BEIJING – China and Russia began the second stage of their first joint military drills early Saturday, shifting to China’s northeast coast after two days of exercises near the Russian port of Vladivostok, the Chinese government said. The war games are the result of warming ties between former Cold War enemies Moscow and Beijing, motivated by growing concern at U.S. dominance of world affairs.
The drills near Qingdao, the site of a major Chinese naval base on the Shandong peninsula in the Yellow Sea, are to include a joint landing to practice stabilizing a fictional country.
About 7,000 Chinese troops and 1,800 Russians with ships, fighter planes and amphibious vehicles are taking part in “Peace Mission 2005,” Chinese state television said.
The joint practice is meant to improve cooperation in “dealing with crises and organizing coordinated actions in the backdrop of the fight against terrorism, separatism and extremism,” China’s official Xinhua News Agency said.
The midday national television news showed Chinese troops splashing through the surf in amphibious armored craft and sailors in a Chinese warship’s command center, though it didn’t say whether those activities occurred Saturday.
State television also showed Russian fighters and cargo planes landing at a Chinese military base and Russian troops unloading an armored vehicle.
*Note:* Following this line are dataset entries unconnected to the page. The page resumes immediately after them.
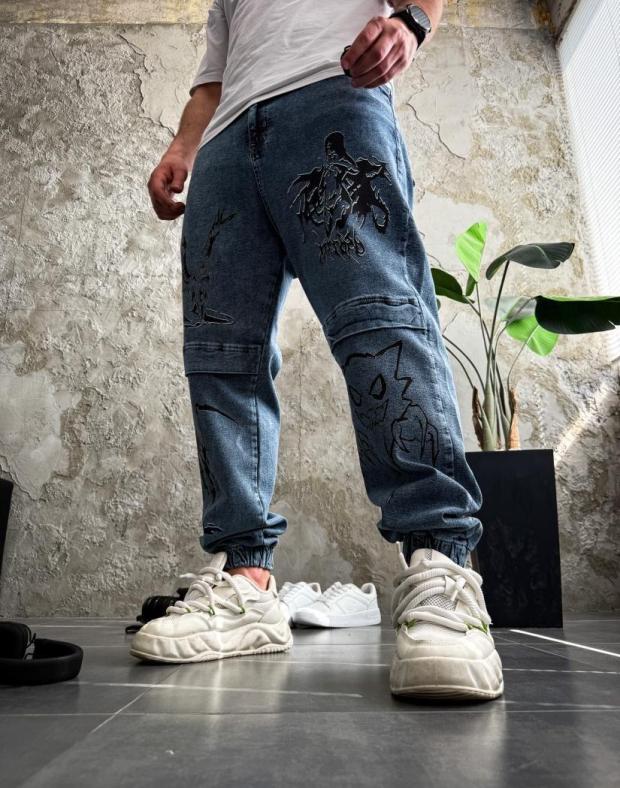 Джинси чоловічі сині з принтом street-style, бавовна - Фото 3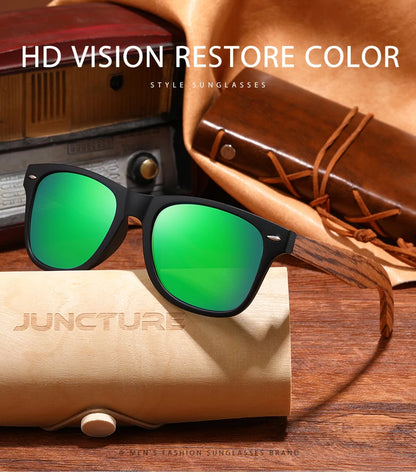 Vintage Bamboo Wood Sunglasses – UV400 Square Wooden Designer Shades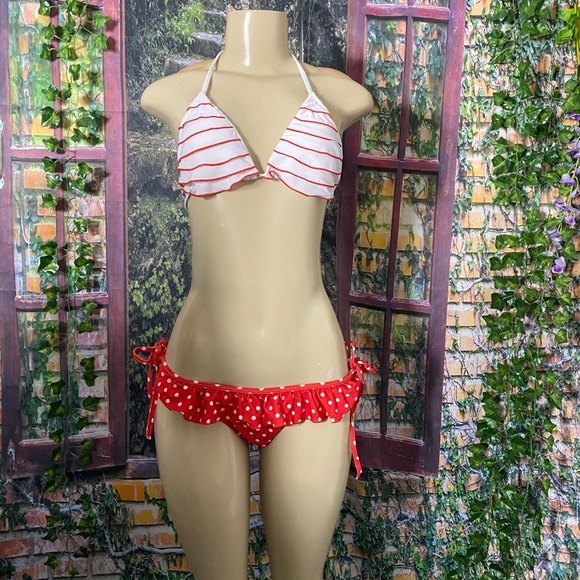 Zafil polka dot orange red/white bikini set Sz L - Picture 3 of 9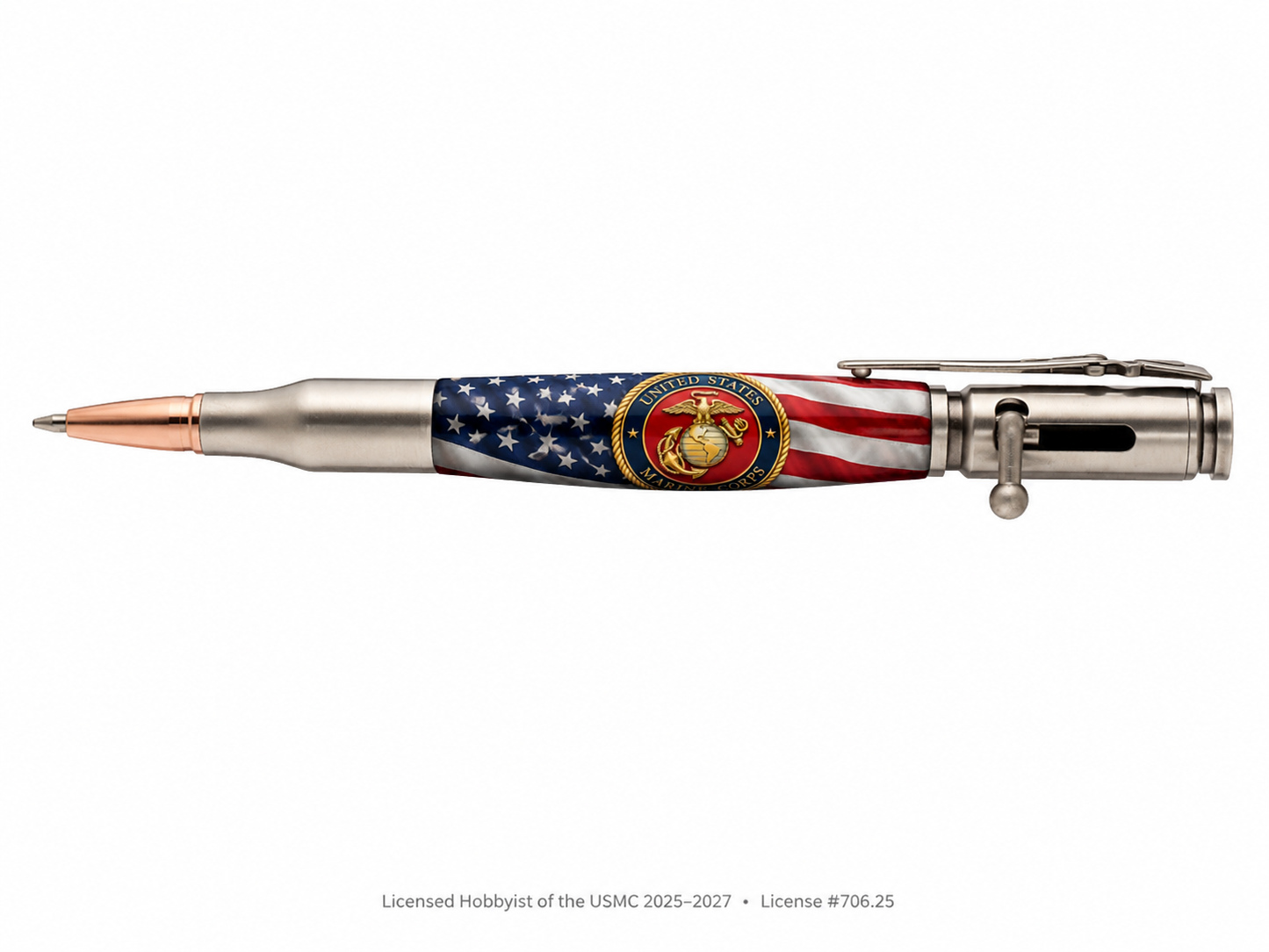 USMC Service Emblem and American Flag design on Bolt Action pen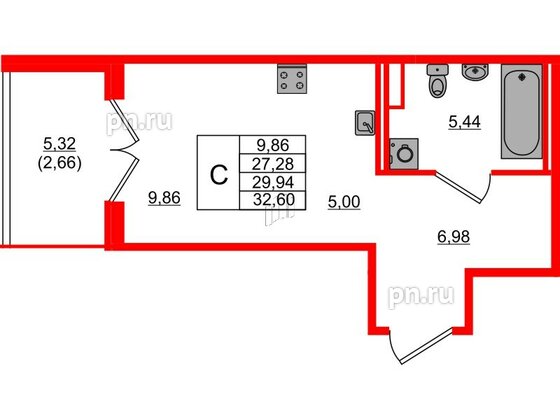 Квартира в ЖК Образцовый квартал, студия, 27.28 м², 1 этаж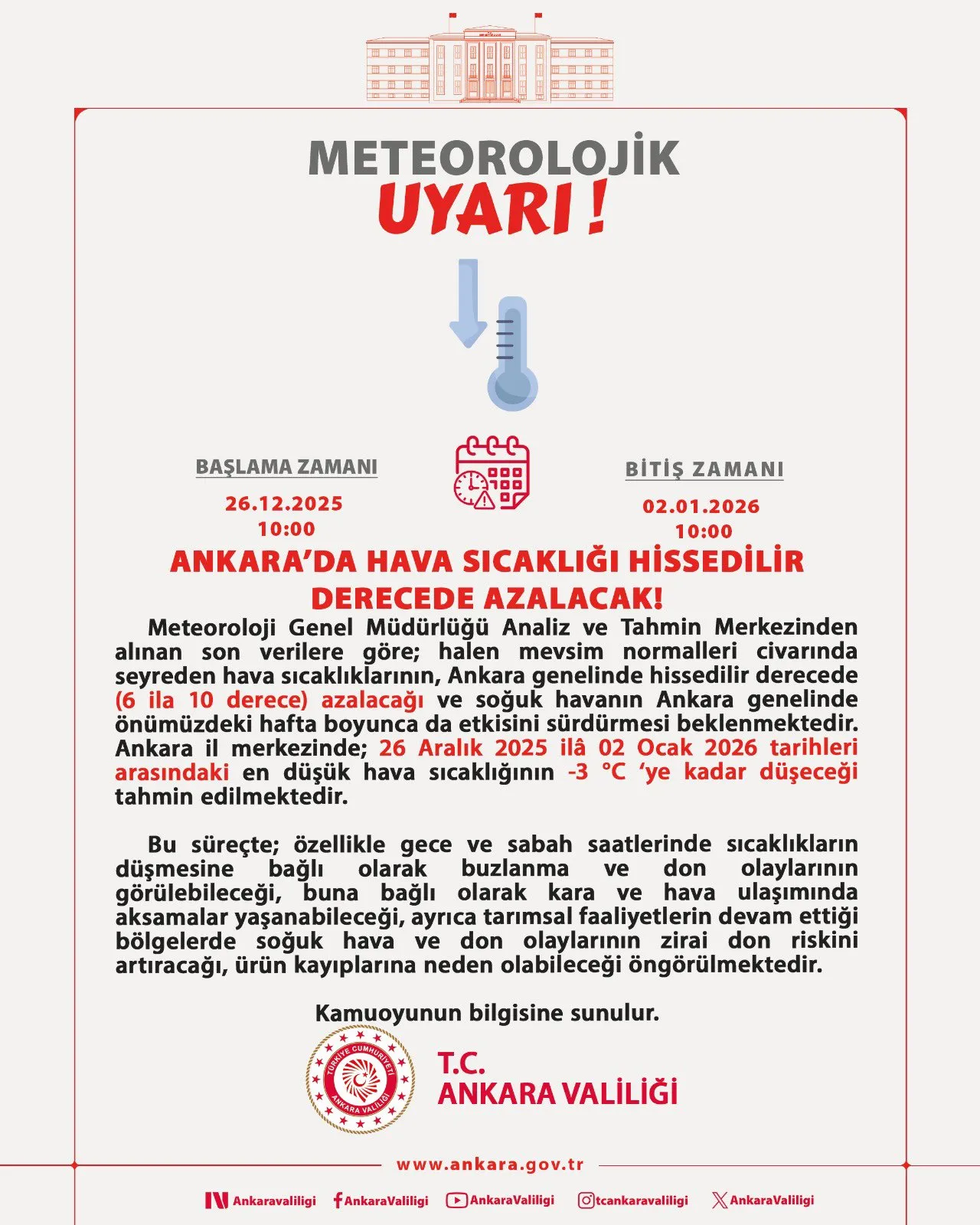 Ankarada okullar tatil mi, kar yağacak mı? 26 Aralık için Ankara Valiliğinden buzlanma ve don uyarısı!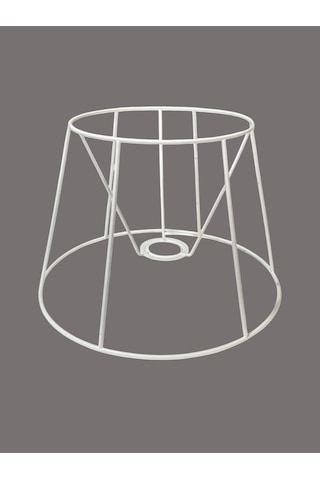 Konik Abajur Teli İskeleti Beyaz Statik Boyalı E27 Çap 30 Cm Metal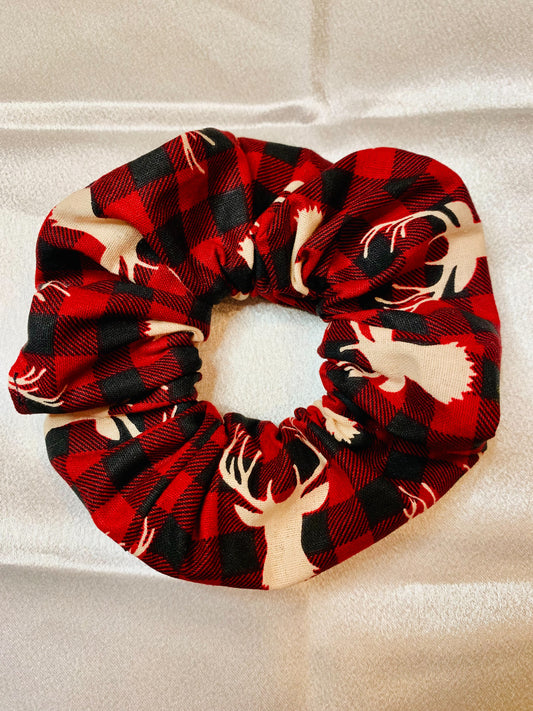 Christmas Deer Plaid Scrunchie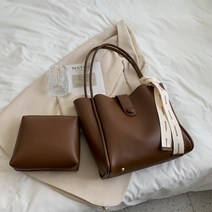 SHANHANG 여성용 모던 쇼퍼 숄더백 + 구성품 랜덤 발송, 브라운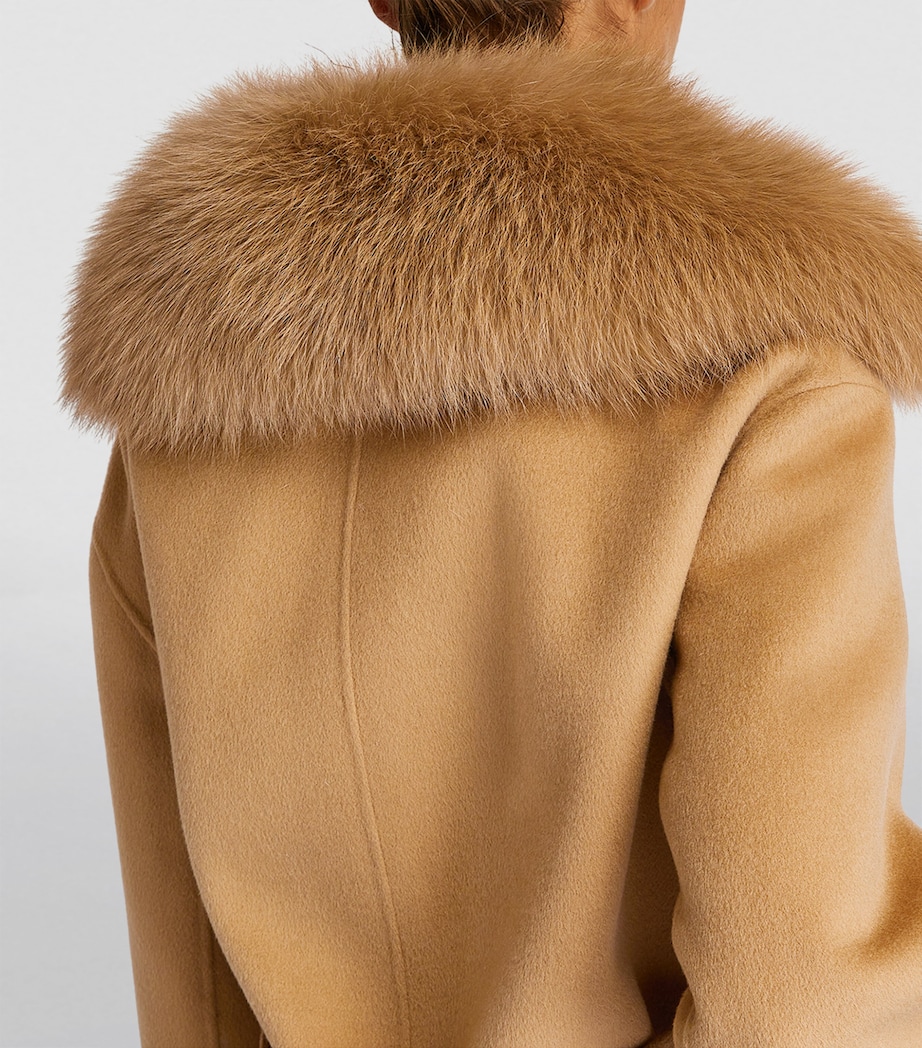 Wool-Cashmere Fur-Trim Coat A2198 Image 7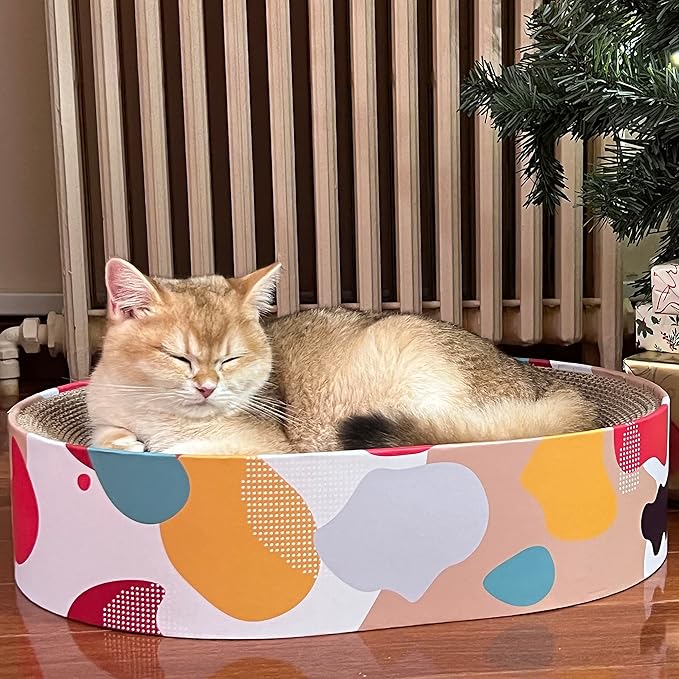 Cat Scratcher Lounge Bed - Lounge Couch for Indoor Cats Oval Shape 17"x13" Long Lasting Furniture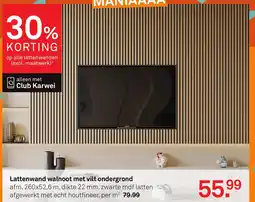 Karwei Lattenwand walnoot met vilt ondergrond aanbieding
A Chinese schoolgirl presented a bouquet of flowers to a Russian naval officer.
The exercise Saturday was to include 14 ships and about 50 Russian and Chinese warplanes, according to Russia’s ITAR-Tass news agency.
It will include the midair refueling of Russian-made Chinese Sukhoi-30 interceptors by a Russian flying tanker, ITAR-Tass said.
China’s secretive military has barred most foreign reporters from watching the exercises.
ITAR-Tass said even Russian correspondents were refused access to Chinese forces.